Print nothing but the lines below starting at the line that holds "These are country" and ending at the line that holds "So that's my", including both, each exactly as written.

━━━━━━━━━━━━━━━━

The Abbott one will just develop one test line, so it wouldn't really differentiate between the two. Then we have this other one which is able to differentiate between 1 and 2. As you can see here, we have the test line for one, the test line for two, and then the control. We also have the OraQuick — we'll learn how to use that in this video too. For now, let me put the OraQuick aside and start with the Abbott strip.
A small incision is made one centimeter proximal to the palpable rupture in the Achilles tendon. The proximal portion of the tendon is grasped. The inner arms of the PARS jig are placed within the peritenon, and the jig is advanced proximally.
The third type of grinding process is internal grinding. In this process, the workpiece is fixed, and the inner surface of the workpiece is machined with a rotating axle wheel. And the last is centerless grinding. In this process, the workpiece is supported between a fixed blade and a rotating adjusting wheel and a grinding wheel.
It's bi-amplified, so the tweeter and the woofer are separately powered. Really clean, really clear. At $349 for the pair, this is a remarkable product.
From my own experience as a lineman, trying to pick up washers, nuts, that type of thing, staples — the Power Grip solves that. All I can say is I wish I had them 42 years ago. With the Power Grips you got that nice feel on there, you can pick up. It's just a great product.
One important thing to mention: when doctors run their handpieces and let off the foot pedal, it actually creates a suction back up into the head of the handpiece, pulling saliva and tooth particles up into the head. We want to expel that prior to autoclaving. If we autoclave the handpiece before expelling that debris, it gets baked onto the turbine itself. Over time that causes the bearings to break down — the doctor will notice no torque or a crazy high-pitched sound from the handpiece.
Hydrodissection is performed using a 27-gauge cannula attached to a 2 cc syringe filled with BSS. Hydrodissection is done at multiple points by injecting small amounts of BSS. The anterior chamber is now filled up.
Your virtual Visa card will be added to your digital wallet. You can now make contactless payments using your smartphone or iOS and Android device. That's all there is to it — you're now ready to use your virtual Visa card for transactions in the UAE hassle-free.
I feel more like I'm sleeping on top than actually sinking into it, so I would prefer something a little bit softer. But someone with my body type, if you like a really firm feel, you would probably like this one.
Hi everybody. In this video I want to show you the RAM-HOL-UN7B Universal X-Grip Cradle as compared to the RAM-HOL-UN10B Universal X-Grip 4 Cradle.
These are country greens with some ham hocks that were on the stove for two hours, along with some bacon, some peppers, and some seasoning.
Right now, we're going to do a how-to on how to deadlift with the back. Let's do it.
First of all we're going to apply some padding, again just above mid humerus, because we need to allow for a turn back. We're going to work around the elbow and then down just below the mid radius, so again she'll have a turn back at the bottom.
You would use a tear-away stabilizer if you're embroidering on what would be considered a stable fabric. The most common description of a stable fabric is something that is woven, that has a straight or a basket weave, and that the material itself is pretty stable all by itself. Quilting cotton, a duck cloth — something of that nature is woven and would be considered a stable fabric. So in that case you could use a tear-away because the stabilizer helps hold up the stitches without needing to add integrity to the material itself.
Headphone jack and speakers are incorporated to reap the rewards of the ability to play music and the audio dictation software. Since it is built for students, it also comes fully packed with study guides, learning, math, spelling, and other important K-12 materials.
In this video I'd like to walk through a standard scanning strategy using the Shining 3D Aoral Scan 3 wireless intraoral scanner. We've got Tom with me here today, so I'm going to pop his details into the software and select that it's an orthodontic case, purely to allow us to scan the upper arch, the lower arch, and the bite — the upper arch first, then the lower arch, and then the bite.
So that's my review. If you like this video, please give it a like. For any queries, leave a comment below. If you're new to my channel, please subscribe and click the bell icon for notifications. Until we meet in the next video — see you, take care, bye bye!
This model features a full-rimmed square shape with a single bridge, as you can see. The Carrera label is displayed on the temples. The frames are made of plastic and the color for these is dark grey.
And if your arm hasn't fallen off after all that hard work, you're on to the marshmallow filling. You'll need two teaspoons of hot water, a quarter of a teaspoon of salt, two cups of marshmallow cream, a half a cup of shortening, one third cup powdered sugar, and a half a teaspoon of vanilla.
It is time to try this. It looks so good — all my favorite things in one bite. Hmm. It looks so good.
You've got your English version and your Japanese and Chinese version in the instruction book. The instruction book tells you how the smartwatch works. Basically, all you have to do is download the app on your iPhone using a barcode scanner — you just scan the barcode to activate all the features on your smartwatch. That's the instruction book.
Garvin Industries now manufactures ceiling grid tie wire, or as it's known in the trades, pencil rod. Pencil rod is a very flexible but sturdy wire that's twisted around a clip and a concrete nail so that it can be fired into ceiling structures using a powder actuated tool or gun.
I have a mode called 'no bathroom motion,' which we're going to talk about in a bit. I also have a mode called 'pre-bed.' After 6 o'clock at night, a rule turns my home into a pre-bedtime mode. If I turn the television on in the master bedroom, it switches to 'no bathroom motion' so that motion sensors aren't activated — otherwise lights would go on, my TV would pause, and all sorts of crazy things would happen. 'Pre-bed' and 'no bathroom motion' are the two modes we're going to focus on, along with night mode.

━━━━━━━━━━━━━━━━

* SOLUTION TO THIS EXERCISE:
These are country greens with some ham hocks that were on the stove for two hours, along with some bacon, some peppers, and some seasoning.
Right now, we're going to do a how-to on how to deadlift with the back. Let's do it.
First of all we're going to apply some padding, again just above mid humerus, because we need to allow for a turn back. We're going to work around the elbow and then down just below the mid radius, so again she'll have a turn back at the bottom.
You would use a tear-away stabilizer if you're embroidering on what would be considered a stable fabric. The most common description of a stable fabric is something that is woven, that has a straight or a basket weave, and that the material itself is pretty stable all by itself. Quilting cotton, a duck cloth — something of that nature is woven and would be considered a stable fabric. So in that case you could use a tear-away because the stabilizer helps hold up the stitches without needing to add integrity to the material itself.
Headphone jack and speakers are incorporated to reap the rewards of the ability to play music and the audio dictation software. Since it is built for students, it also comes fully packed with study guides, learning, math, spelling, and other important K-12 materials.
In this video I'd like to walk through a standard scanning strategy using the Shining 3D Aoral Scan 3 wireless intraoral scanner. We've got Tom with me here today, so I'm going to pop his details into the software and select that it's an orthodontic case, purely to allow us to scan the upper arch, the lower arch, and the bite — the upper arch first, then the lower arch, and then the bite.
So that's my review. If you like this video, please give it a like. For any queries, leave a comment below. If you're new to my channel, please subscribe and click the bell icon for notifications. Until we meet in the next video — see you, take care, bye bye!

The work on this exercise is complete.